October 21, 1920 the blood on the barn wall reflected the flickering flames of the family house a fire, the Black and Tans had returned looking for Jer, not finding him they kicked Kate from her own home and ate the dinner prepared from the family hearth and laughed like sick dogs in the night before the burning house, before the bloodstains that would outlast each and every bitter, twisted  one of them.

The blood on the barn wall hardened and dried and faded, but never disappeared despite paint and sun, rain and storm, the blood remained a monument to two brothers who had been murdered in the night, they stood up for Ireland for Irishness
and were shot down,  falling on their own land, blood staining the barn behind them, blood saturating the soil of the O’Dwyer farm.

Year after year the blood shadows, the tombstone stains of Frank and Ned remained with the memory of all those that fell so that the Irish would always know who they were and who they are and remember what it is like to be tormented for being different, for being proud, for being true not to a patriotic, empty cause, but to the defense of a people destined to be free.
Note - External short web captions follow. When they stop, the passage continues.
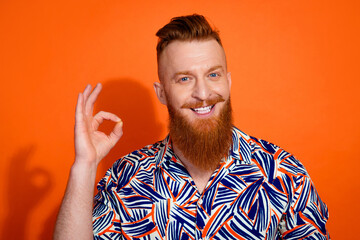 Photo of excited confident guy dressed print shirt showing okey gesture isolated orange color background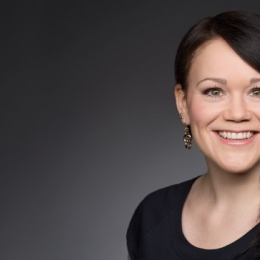 Ulrike Schimpf is a woman with dark brown hair, smiling at the camera.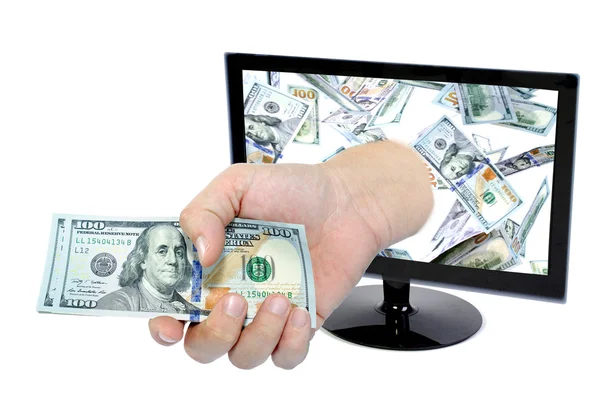 Hand with money comes from Computer monitor screen — Stockfoto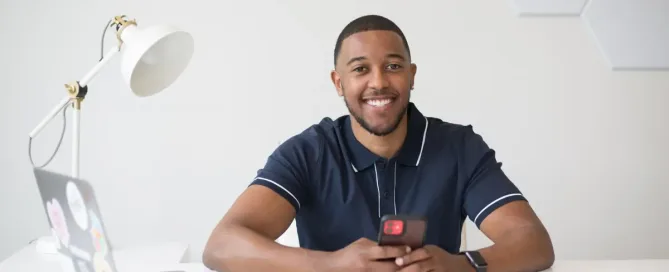 hire swift developers: young black software engineer smiles at camera, iphone in hand and imac at his side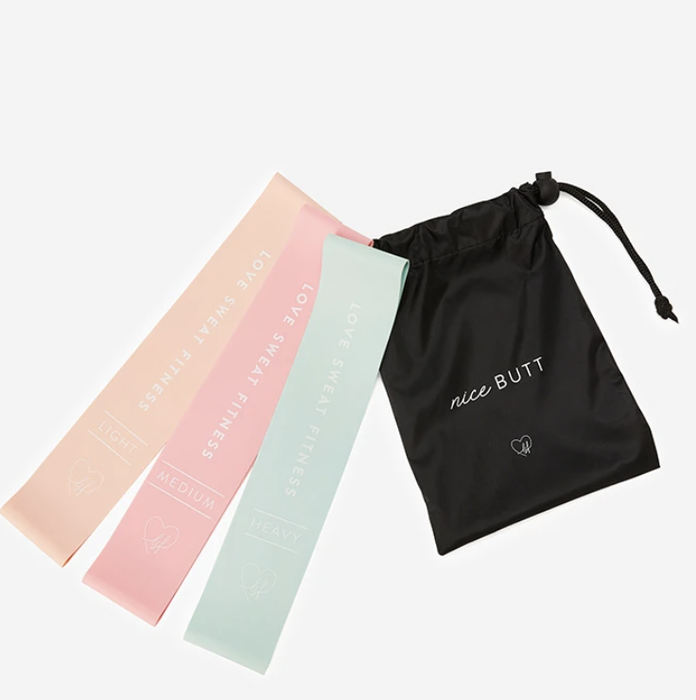 Resistance bands in peach, pink, and mint green hues.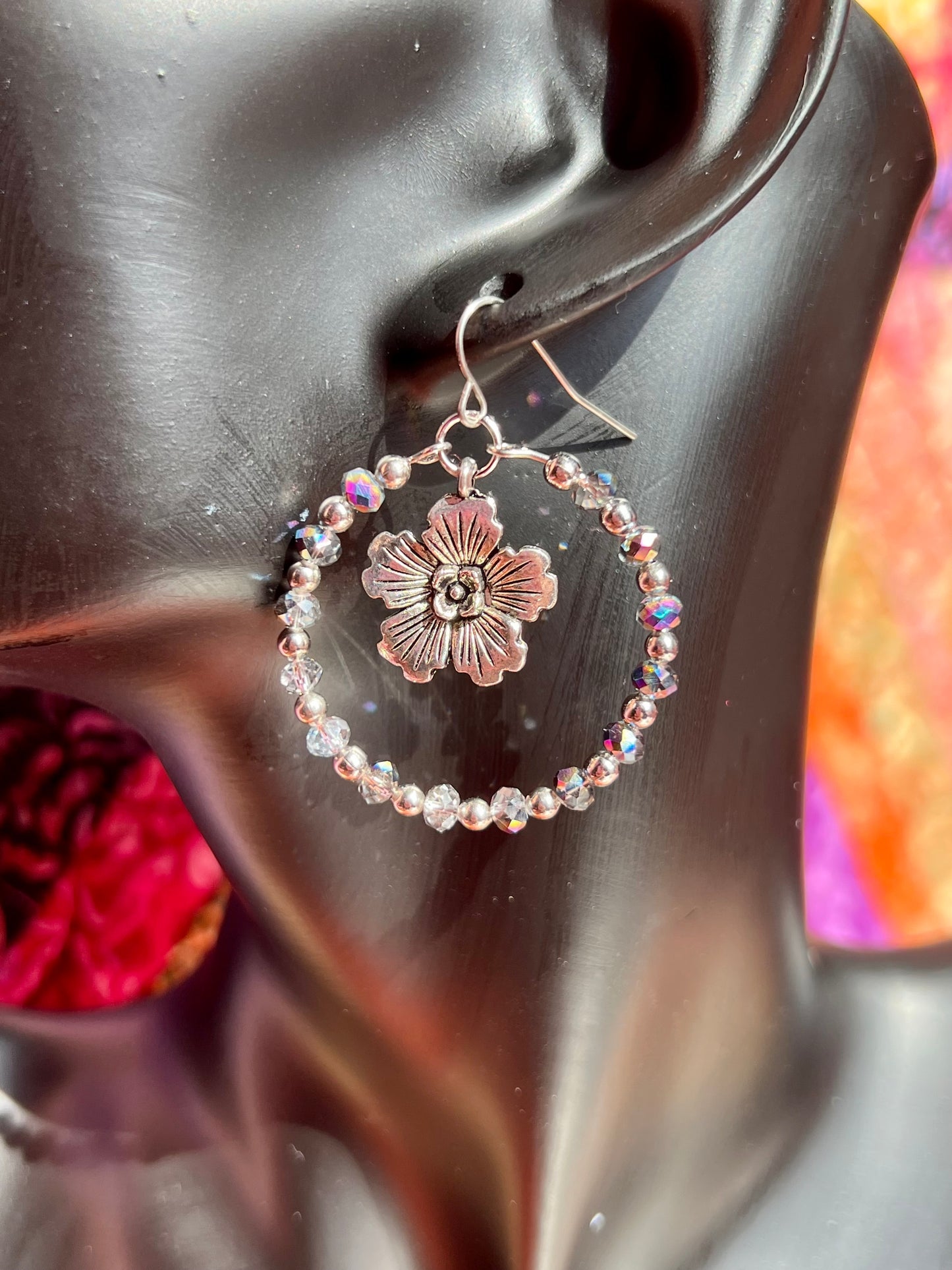 Earrings- Silver plated metal with metallic rainbow coated crystal beads.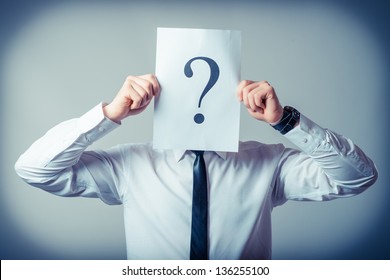 Young businessman holding a white billboard with a question mark on it - Powered by Shutterstock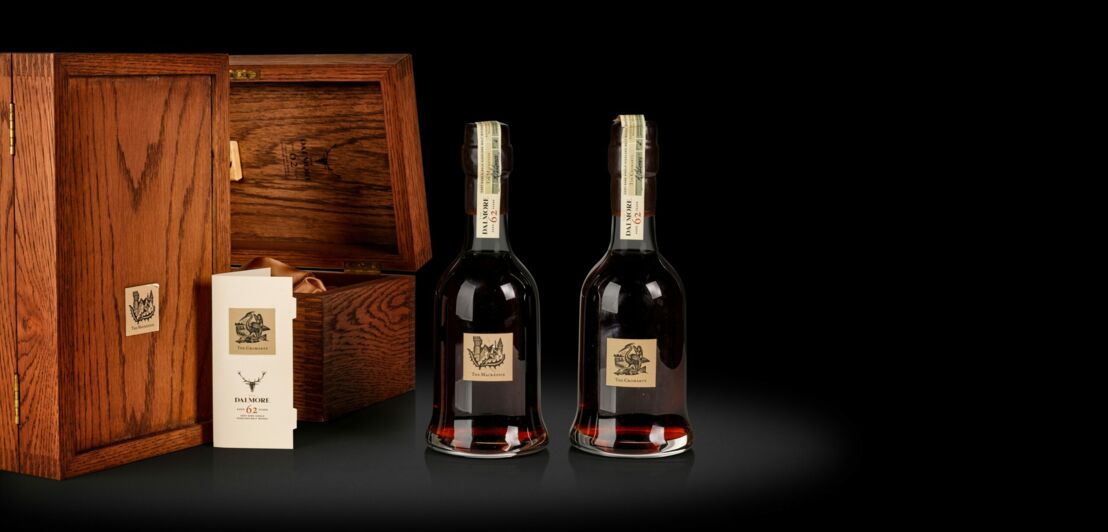 Zwei Flaschen des Whiskys Dalmore 62 Jahre neben ihren Verpackungen aus Holz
Kate and Jer rebuilt the house the Brits burned down, and lived for years in the shadow of the Gaelty Mountains, farming the land, training greyhounds, baking pies, going on with a normal life for which the O’Dwyers throughout history had fought, preferring to be left alone to a quiet life in the Irish countryside.

Within the O’Dwyer blood flows the refusal to lie down to tyranny going back before Cromwell’s rape of the Irish countryside and Francis and Edward, Frank and Ned bled and died to fight those who would wage genocide against those wanting to live peacefully on their ancestral lands.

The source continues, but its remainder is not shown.